-- Opening Marker --

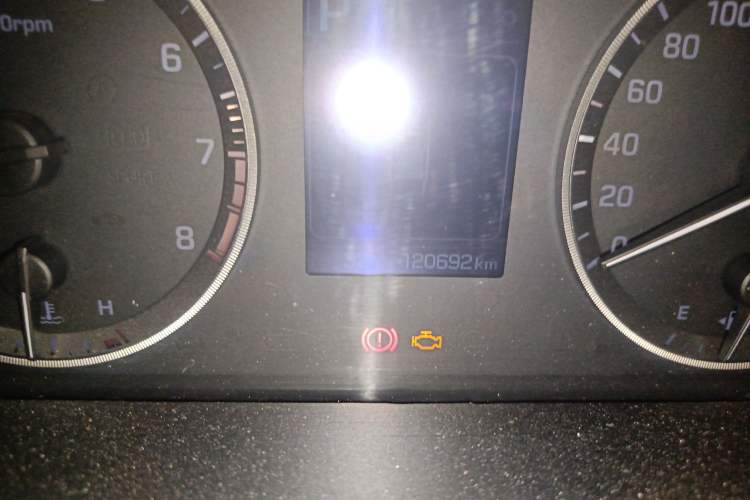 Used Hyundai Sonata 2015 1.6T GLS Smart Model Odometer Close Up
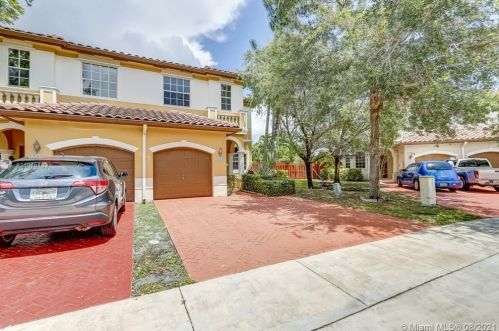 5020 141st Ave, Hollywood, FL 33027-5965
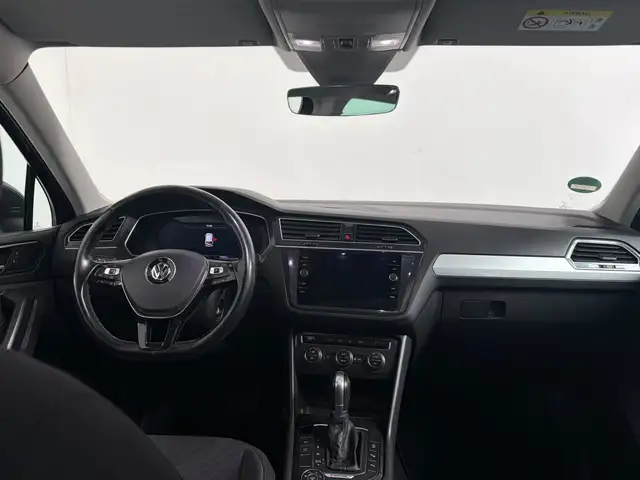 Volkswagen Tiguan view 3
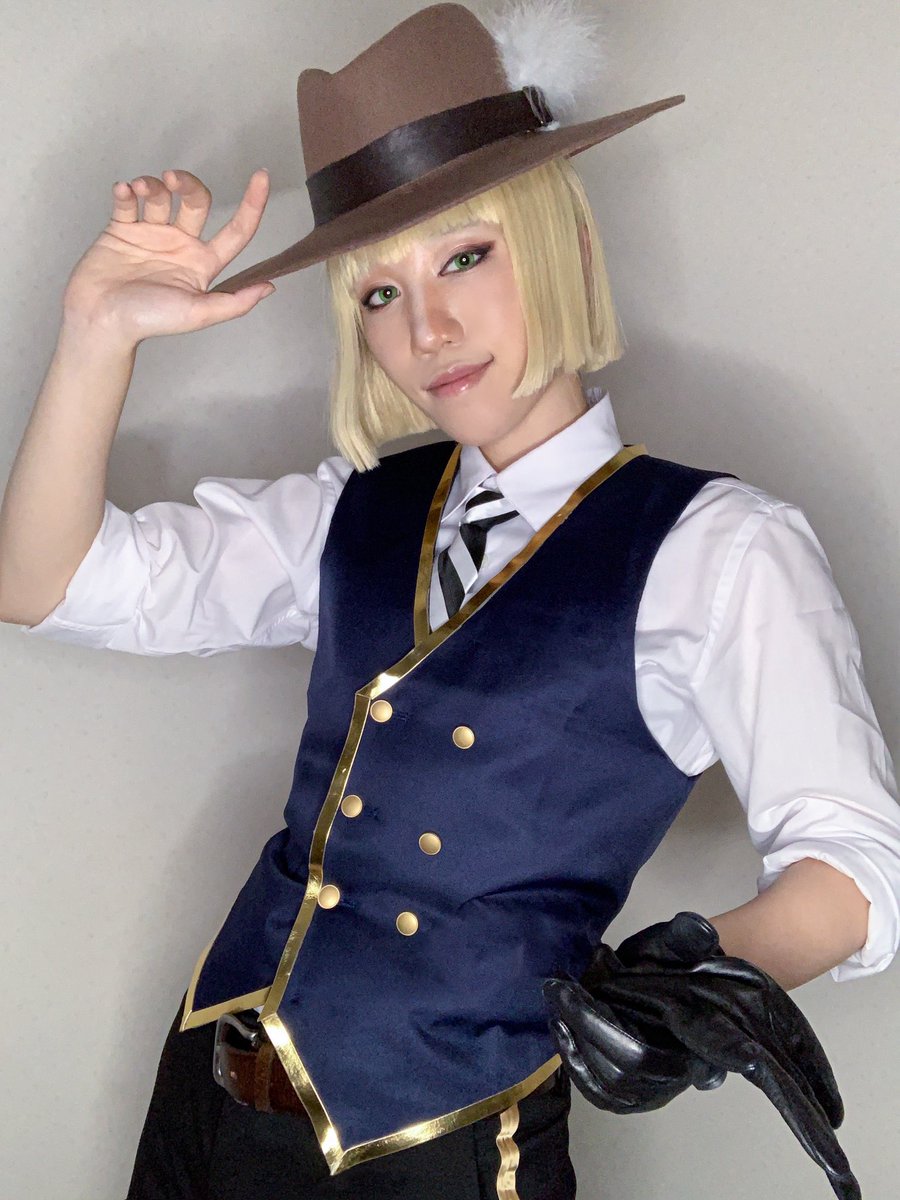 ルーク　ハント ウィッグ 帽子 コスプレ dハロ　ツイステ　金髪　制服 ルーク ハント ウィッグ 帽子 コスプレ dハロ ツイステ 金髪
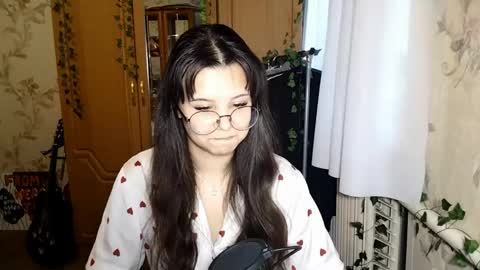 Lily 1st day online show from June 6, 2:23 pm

-- Closing Marker --
-- Opening Marker --

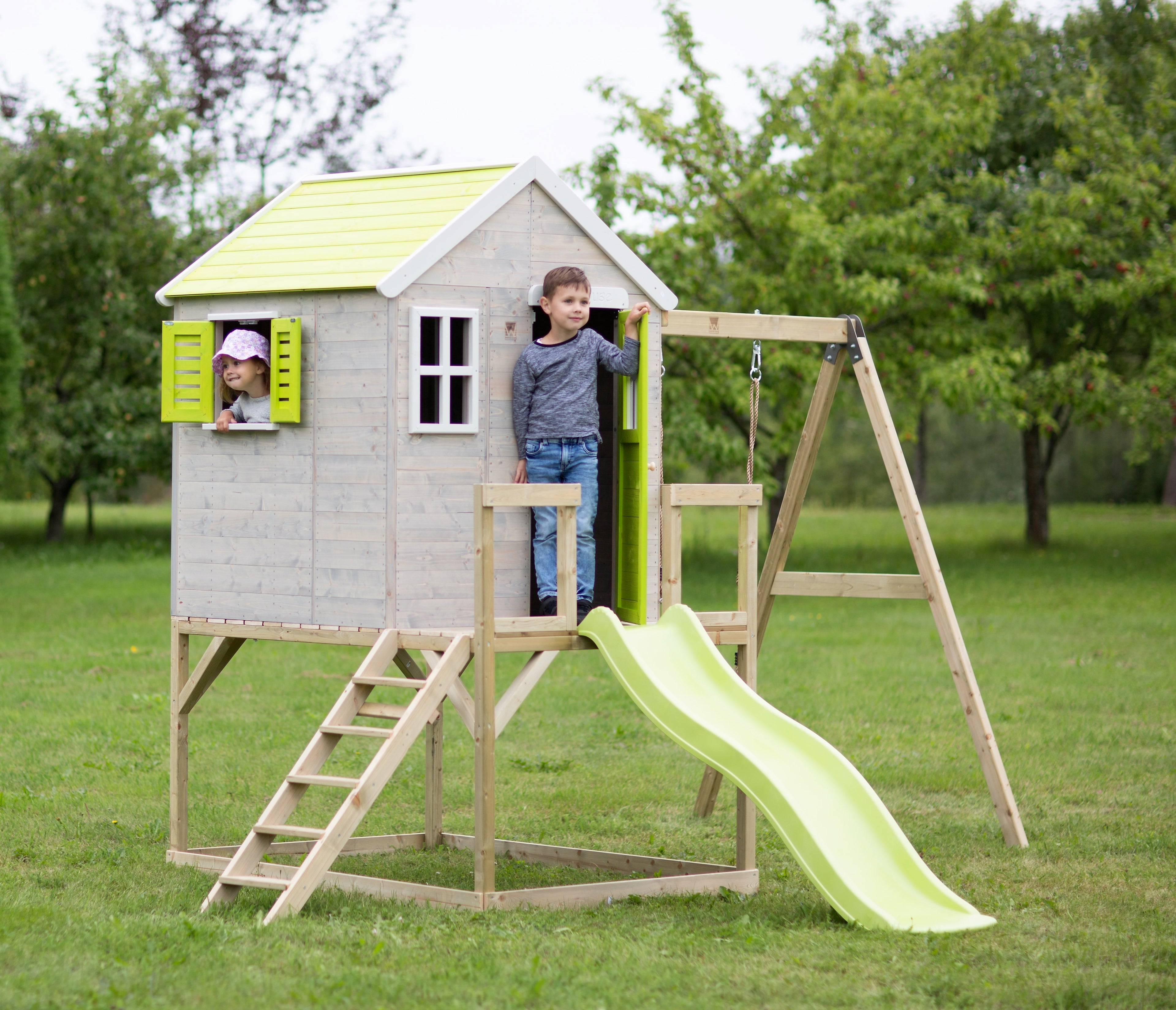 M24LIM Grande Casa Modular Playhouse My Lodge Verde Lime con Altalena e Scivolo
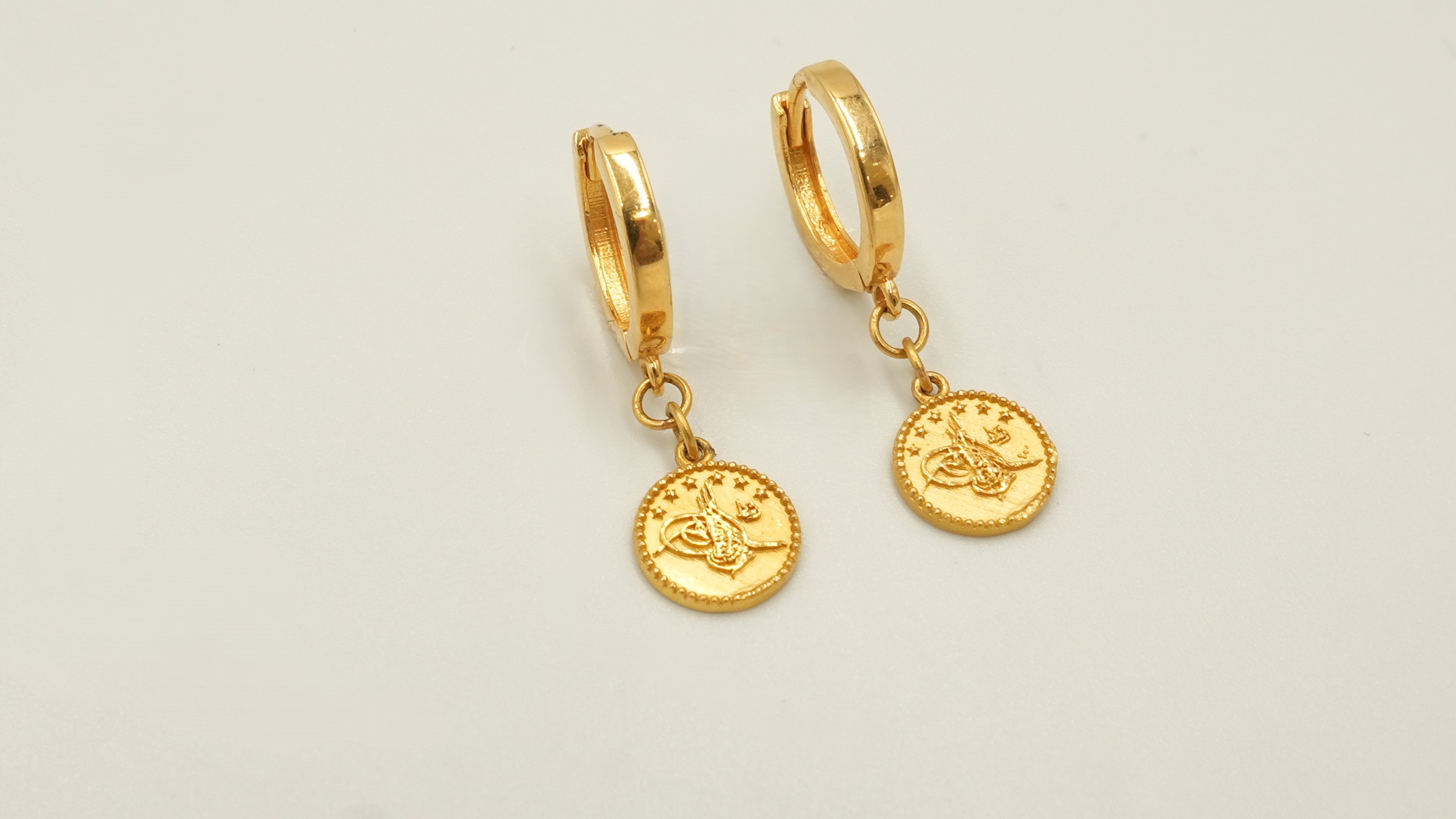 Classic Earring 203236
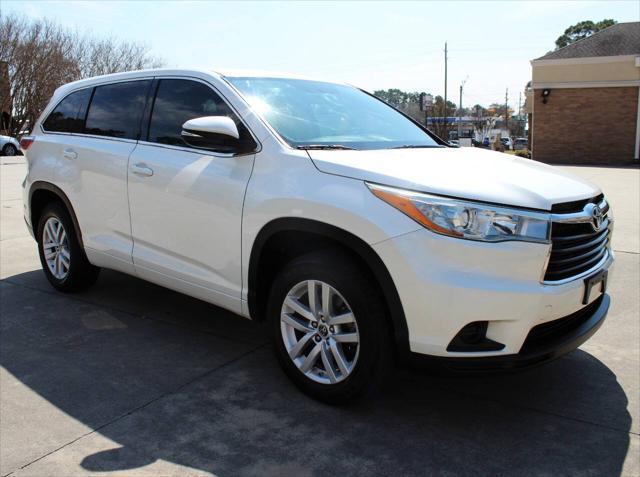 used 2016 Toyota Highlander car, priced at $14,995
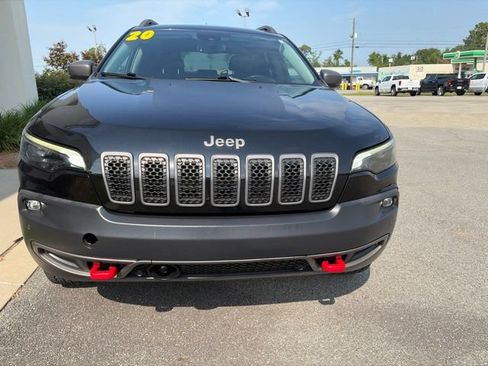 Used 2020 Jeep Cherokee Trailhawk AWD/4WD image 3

-- Closing Marker --
-- Opening Marker --

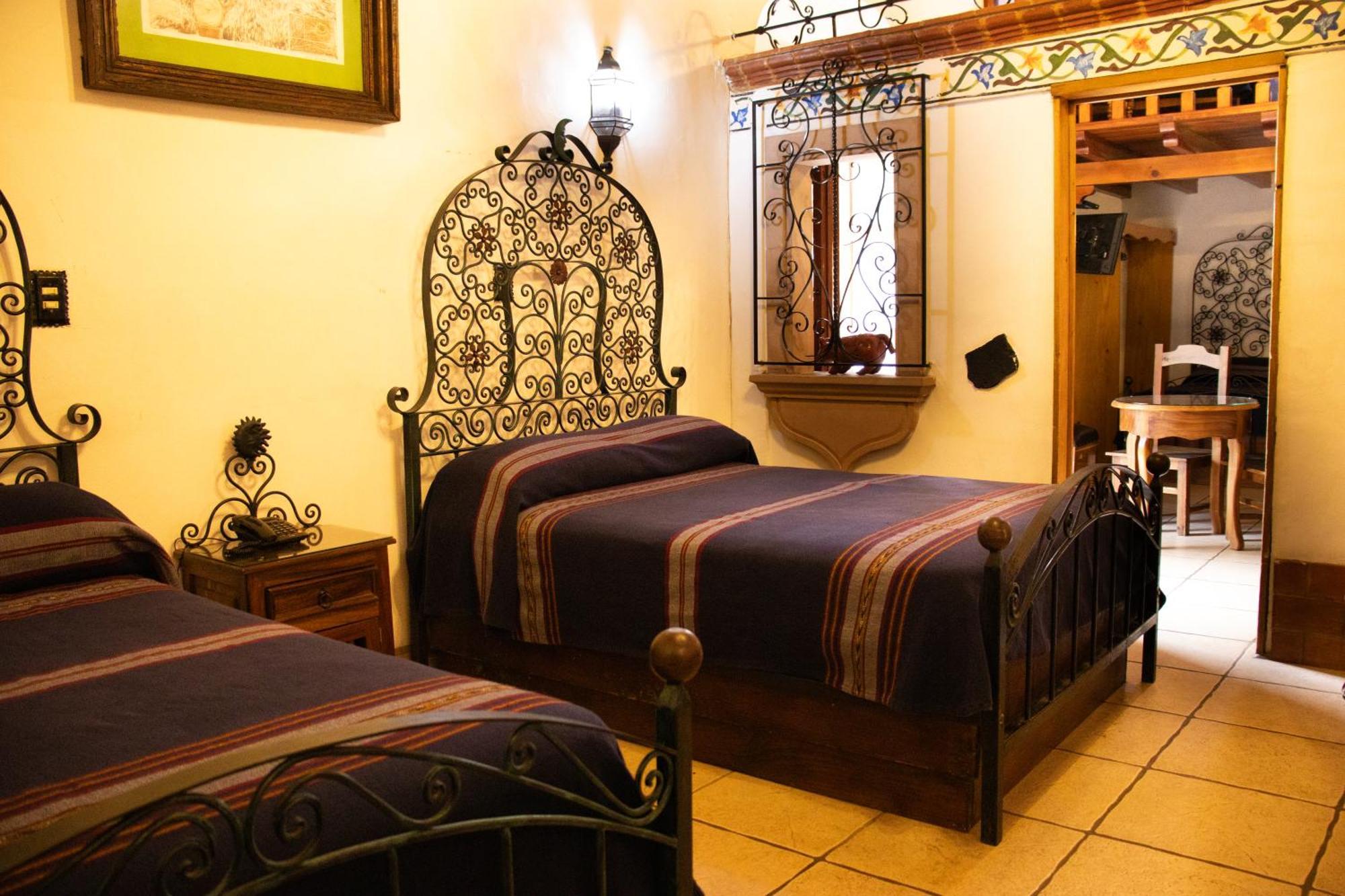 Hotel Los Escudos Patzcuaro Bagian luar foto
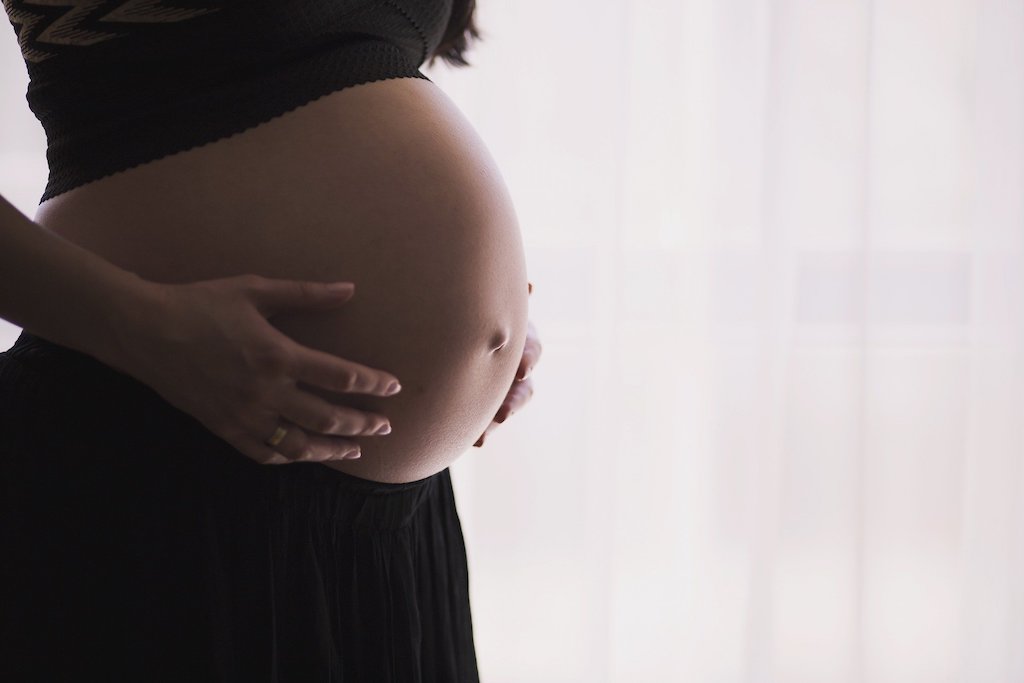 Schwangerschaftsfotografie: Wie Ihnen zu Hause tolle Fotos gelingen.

-- Closing Marker --

» **Exercise requirements**
Given the entries above, transcribe exactly the lines from the one holding "ルーク　ハント ウィッグ 帽子" through the one holding "Lily 1st day"; pictures do not belong in the transcription.

» **Problem solution**
 ルーク　ハント ウィッグ 帽子 コスプレ dハロ　ツイステ　金髪　制服 ルーク ハント ウィッグ 帽子 コスプレ dハロ ツイステ 金髪
 Lily 1st day online show from June 6, 2:23 pm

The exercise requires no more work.